Some newbies worth noting:
— Mike de Kock (trainer, Mubtaahij): One of the world’s best known trainers is hardly a household name in the U.S. The 51-year-old South African has won more than 2,500 races, including close to 100 Group or Grade 1 races in Africa, Asia, Europe and North America. In Mubtaahij, he comes to Louisville with a Derby rookie rider in Christophe Soumillon, who guided the colt to an eight-length win in the UAE Derby in Dubai. After that race, the decision was made: “What the hell, let’s have a crack at it,” De Kock said.
As for his first Derby experience, de Kock can’t wait: “Since a young man, one looks at the Kentucky Derby in awe. It doesn’t matter what country you come from. There’s great race meetings around the world and everyone likes to think that their meeting is the greatest, but I think the Kentucky Derby meeting has proven it’s got to be — if it isn’t the greatest, well, tell me which one is.”

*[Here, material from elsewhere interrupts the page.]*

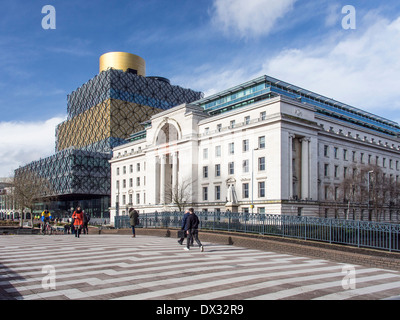 Baskerville-Haus (ehemals Civic Centre) und die neue Bibliothek im Centenary Square Birmingham UK Stockfoto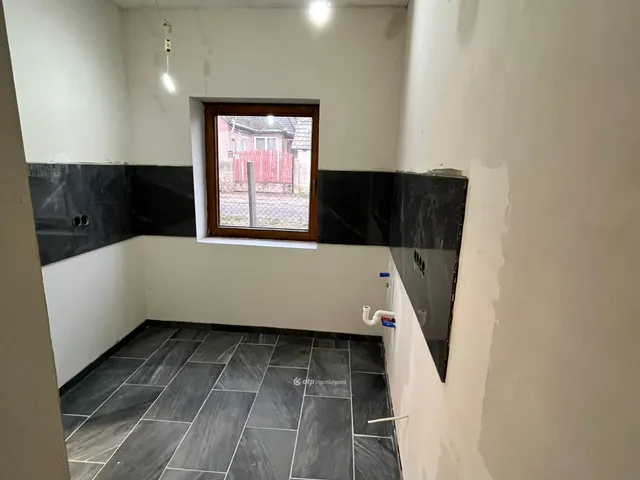 Eladó ház Apostag 72 nm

— Kaleem Shah (owner, Dortmund): The owner shelled out $140,000 to purchase this huge colt at the Maryland 2-year-olds-in-training sale. Well done. Dortmund is unbeaten in six starts and already has earned nearly $1.3 million. Raised in southern India, Shah is the son of the country’s major trainer, Majeed, who won India’s version of the Triple Crown. The 52-year-old became a U.S. citizen in 1992 and is the founder of CalNet, a security consulting firm with clients that include the federal government and the military. A big soccer fan — his horse is named for Borussia Dortmund — he bought his first horses soon after he became a citizen and wisely teamed up with trainer Bob Baffert. He has won more than 100 races, including the 2014 Breeders’ Cup Classic with Baffert-trained Bayern.
“Kaleem Shah has waited a long time for horses like that,” Baffert said. “He’s been on a roll lately with Bayern and now him.”
— Carla Gaines (trainer, Bolo): The 62-year-old trainer grew up riding ponies on her grandfather’s farm in Alabama, went to the University of Alabama and planned a career working with troubled children. But she took a break and wound up in California. She trained sale horses, worked as an exercise rider and became an assistant trainer before moving to the Southern California circuit. She’ll be the 17th female trainer to send out a Derby starter and would be the first to win the race. In Bolo, she has a solid horse who finished third to Dortmund in the San Felipe and the Santa Anita Derby. Among her top horses were 2009 Breeders’ Cup Sprint winner Dancing in Silks and multiple Grade 1 stakes winner Nashoba’s Key.
— Christophe Soumillon (jockey, Mubtaahij): Don’t write off this 33-year-old seasoned rider because it’s his first Derby. He’s been in the thick of many of the world’s toughest races — and has won his share. The France resident has wins in the Prix de l’Arc de Triomphe (2003, 2008), Hong Kong Gold Cup (2005), Queen Anne Stakes (2005), Japan Cup (2014), and in the U.S., the 2005 Breeders’ Cup Turf with Shirocco at Belmont Park.
— Team Tencendur (Phil Birsh, owner; George Weaver, trainer; Manny Franco, jockey): Now here’s a trifecta of rookies from long-shot land. The owner of Tencendur is the president/CEO of Playbill — the magazine used at nearly every Broadway theater and many others; the trainer was born in Louisville; and the 20-year-old jockey from Puerto Rico has been riding for just over two years. Birsh doesn’t race often. His stats show he’s averaging nine starts per year since 2000. Tencendur earned his way into the Derby by finishing third in the Wood Memorial. Weaver’s biggest win came in the 2013 Prioress Stakes with Lighthouse Bay. Since 1979, just two jockeys have won the Derby on their first try — Stewart Elliott (Smarty Jones, 2004) and Mario Gutierrez (I’ll Have Another, 2012).